Inside Claire Saffitz’ life and relationship with her fiancé
Claire Saffitz is an American chef and YouTube personality famous for being part of YouTube’s Bon Appétit. She joined the channel in 2013 and worked as a senior food editor up to August 2018. A few months later, she returned as a freelance recipe developer.
Since February 2019, Claire has featured in the Bon Appétit’s Baking School and Making Perfect. In January 2020, she appeared alongside Jimmy Fallon on a cooking segment on The Tonight Show. Claire’s first book, Dessert Person: Recipes and Guidance for Baking with Confidence, is set to be released in October 2020.
This piece will look at Claire’s relationship with her fiancé and her involvement in Bon Appétit’s racist scandal.
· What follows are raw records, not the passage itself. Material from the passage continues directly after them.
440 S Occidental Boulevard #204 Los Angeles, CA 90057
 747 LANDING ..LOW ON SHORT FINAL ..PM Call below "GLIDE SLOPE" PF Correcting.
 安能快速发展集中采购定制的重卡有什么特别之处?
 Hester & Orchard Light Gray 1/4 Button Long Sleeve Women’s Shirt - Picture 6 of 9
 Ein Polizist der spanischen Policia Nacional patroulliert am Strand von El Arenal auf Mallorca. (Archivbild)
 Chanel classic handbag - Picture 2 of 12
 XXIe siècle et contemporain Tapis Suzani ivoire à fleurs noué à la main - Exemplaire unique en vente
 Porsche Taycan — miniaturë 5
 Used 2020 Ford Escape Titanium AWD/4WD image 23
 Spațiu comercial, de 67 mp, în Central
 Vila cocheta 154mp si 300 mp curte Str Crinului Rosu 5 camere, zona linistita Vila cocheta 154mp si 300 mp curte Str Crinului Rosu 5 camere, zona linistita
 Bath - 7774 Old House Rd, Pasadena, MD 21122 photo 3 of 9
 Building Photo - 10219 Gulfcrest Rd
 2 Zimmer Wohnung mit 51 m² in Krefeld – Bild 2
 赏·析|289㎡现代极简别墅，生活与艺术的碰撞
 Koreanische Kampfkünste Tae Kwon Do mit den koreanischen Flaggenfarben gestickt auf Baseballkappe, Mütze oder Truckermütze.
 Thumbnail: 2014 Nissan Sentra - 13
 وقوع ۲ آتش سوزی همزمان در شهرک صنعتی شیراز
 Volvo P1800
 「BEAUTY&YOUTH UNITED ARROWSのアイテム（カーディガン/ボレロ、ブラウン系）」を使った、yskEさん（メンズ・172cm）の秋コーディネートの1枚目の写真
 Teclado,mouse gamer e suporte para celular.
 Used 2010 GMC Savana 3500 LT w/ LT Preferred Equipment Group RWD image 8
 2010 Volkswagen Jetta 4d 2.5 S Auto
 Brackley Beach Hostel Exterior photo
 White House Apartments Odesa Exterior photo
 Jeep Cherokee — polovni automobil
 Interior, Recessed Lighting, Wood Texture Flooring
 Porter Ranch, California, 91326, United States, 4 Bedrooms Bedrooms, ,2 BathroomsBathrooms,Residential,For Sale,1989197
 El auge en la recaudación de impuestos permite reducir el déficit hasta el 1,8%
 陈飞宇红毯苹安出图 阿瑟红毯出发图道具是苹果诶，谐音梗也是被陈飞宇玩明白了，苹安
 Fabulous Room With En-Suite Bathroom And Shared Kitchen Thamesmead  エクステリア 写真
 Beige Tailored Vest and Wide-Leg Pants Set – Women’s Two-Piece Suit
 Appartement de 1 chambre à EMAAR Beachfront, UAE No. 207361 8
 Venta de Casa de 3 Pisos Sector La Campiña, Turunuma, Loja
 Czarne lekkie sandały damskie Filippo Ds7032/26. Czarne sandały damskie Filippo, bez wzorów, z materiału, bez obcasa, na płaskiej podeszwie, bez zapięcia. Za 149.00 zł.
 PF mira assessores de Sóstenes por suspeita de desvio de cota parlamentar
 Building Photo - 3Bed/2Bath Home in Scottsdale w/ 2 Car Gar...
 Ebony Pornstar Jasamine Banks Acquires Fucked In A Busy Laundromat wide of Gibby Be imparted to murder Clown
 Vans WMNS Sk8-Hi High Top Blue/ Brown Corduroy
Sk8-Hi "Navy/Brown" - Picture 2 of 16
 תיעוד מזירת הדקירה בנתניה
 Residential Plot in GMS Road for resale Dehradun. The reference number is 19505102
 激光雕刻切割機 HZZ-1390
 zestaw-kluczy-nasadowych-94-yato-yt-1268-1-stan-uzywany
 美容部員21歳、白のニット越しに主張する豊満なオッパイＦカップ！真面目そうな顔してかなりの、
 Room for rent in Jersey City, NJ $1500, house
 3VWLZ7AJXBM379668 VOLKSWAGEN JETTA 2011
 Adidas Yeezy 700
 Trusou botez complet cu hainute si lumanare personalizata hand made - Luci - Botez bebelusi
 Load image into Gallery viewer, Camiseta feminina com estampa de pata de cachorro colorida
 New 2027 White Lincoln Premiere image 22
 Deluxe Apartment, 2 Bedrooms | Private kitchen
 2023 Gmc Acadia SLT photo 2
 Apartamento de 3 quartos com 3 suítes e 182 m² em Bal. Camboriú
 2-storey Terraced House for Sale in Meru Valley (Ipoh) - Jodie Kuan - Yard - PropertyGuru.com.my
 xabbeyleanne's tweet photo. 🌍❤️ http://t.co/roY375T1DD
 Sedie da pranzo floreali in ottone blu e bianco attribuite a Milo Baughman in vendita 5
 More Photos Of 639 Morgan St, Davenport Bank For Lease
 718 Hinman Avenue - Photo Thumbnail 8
Claire admitted that her fiancé Harris Mayer-Selinger does most of the cooking at home
Claire and her long-time boyfriend Harris got engaged in late 2019. The pair lives together in the Upper West Side of New York City.
Over the years, Claire has proved that she is an exceptional chef. However, at home, she takes a step back and allows her chef fiancé to do most of the cooking. She wrote on Grub Street, “We moved in together last summer and I relocated from Carroll Gardens to the Upper West Side. As a former chef, he has a much different concept of ‘home cooking’ than I do. Fortunately, he cooks for us a lot.”
Claire apologized for facilitating the racist inequality at Bon Appétit
In early June 2020, Bon Appétit became the subject of media attention after an offensive photo of former editor-in-chief Adam Rapoport surfaced. The photo sparked a conversation about the rampant inequality at Bon Appétit.
Claire responded to the controversy by admitting that she was complicit in facilitating the inequality at the famed establishment. However, she added that there were aspects of inequality that she had missed. Claire proceeded to express regret that she didn’t use her status and platform to push fight the injustice.
“As a freelance video host, I exempted myself from action,” Claire wrote. She added that she was committed to ending inequality in any way she could. She added:
“I feel deeply shitty about this, but I know that my feelings are not important at this moment. What is important is how I do the work of repair – how I make amends, show up in this industry, and move forward in a different way… I only hope that through sustained learning/ unlearning/ relearning I can better show up for people I deeply respect, and eventually earn their respect as an ally.”